Most drops will be crap because you are comparing them the best drop you've gotten so far.
Roll a die 50 times. Most rolls will be lower than the best roll so far, simply because you're going to roll maximum pretty soon; then all other possible rolls will be "bad".
The only way to get away from that is to constantly increase the maximum and minimum roll. You could for instance add the number of rolls you've made so far to the die roll. But even then, unless the increase per roll is high compared to the variance, most rolls will still be low as it takes many increases for one good roll to be negated. (I won't do the math now, but I suspect +1 per roll is still in the "most rolls are lower"-category.)
In Diablo et cetera you will of course continuously get better loot, as it scales to your level, but it doesn't improve fast enough to cancel this effect.
It is possible to design a "loot-curve" such that new items are better than old ones, but there are issues with that. You have to ramp up the power level of items quickly, or have very little randomness in how good each item is or give out loot only rarely.
As to why such loot-curves are rare: they don't suit a majority of games.

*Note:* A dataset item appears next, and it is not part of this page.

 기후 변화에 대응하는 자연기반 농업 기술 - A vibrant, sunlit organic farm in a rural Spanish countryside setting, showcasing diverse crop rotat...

First of all, it's hard to rate different abilities against each other, even a two stat weapon, speed and damage, is hard to rate, given preferences of players, interaction with armour et cetera.
Secondly, most games expect a long playtime, so power gain must be spread out over a long time. Nethack, in my opinion, has mostly useful loot; but has short playtime and your powerlevel goes from worthless tourist to demigod capable of killing Death.